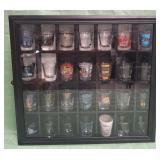 11 - COLLECTION OF SHOT GLASSES IN DISPLAY (C43)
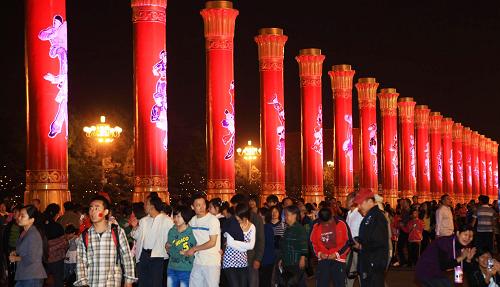 10月6日晚,游人在北京天安門廣場(chǎng)游覽。自10月2日以來,國(guó)慶60周年慶?;顒?dòng)的主要舉辦地北京天安門廣場(chǎng)游人如織。60輛游行彩車,直徑40米、高14.9米的“普天同慶”巨型花籃花壇吸引著全國(guó)各地的游客前來賞花車、拍美景,重溫國(guó)慶慶?;顒?dòng)的歡樂和激情。新華社記者 李明放 攝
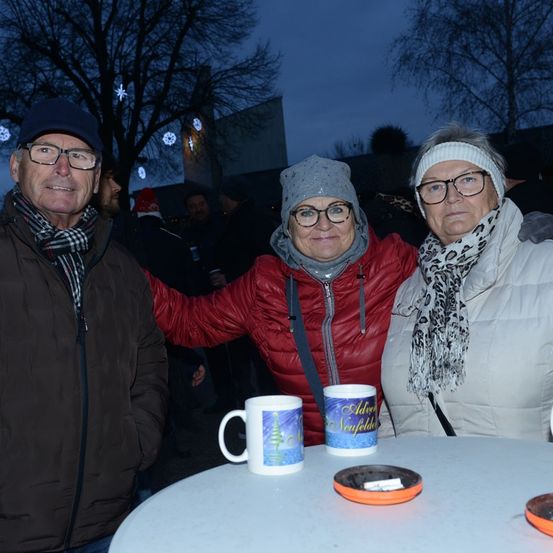 Drei Personen posieren nachts draußen für ein Foto. Sie haben Tassen auf einem Tisch vor sich. Die Frau in der Mitte trägt eine rote Jacke. Sie sind alle warm für das kalte Wetter gekleidet.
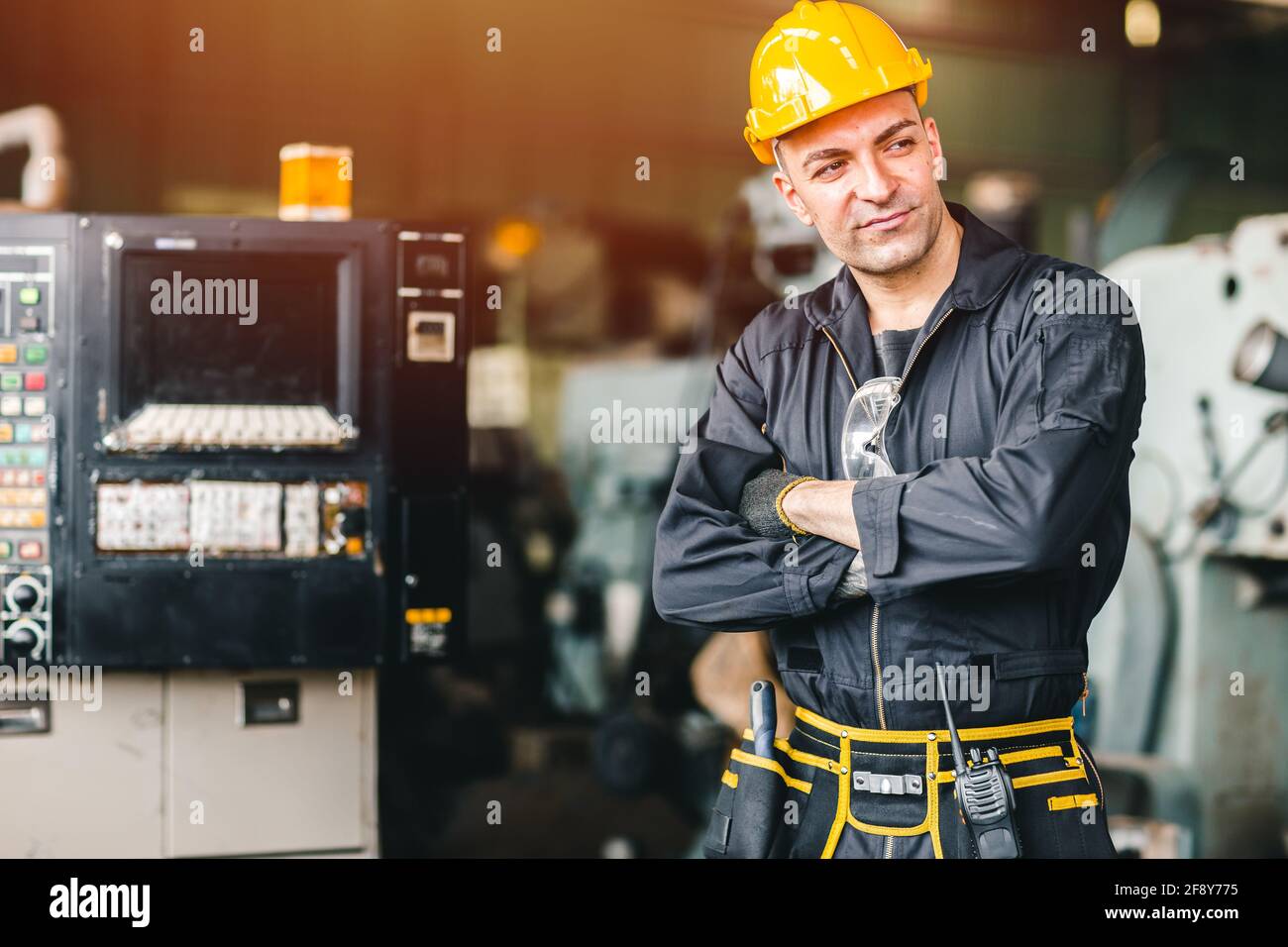 Sicurezza lavoratore di Smart ENGINEER, ritratto bello con tuta di sicurezza con macchina industriale pesante in fabbrica. Foto Stock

┄┄┄┄┄┄┄┄┄┄┄┄┄┄┄┄┄┄┄┄

What the exercise asks -
An exact copy of the whole listing is required, minus the pictures.

Task output -
 11 - COLLECTION OF SHOT GLASSES IN DISPLAY (C43)
 10月6日晚,游人在北京天安門廣場(chǎng)游覽。自10月2日以來,國(guó)慶60周年慶?;顒?dòng)的主要舉辦地北京天安門廣場(chǎng)游人如織。60輛游行彩車,直徑40米、高14.9米的“普天同慶”巨型花籃花壇吸引著全國(guó)各地的游客前來賞花車、拍美景,重溫國(guó)慶慶?;顒?dòng)的歡樂和激情。新華社記者 李明放 攝
 Drei Personen posieren nachts draußen für ein Foto. Sie haben Tassen auf einem Tisch vor sich. Die Frau in der Mitte trägt eine rote Jacke. Sie sind alle warm für das kalte Wetter gekleidet.
 Sicurezza lavoratore di Smart ENGINEER, ritratto bello con tuta di sicurezza con macchina industriale pesante in fabbrica. Foto Stock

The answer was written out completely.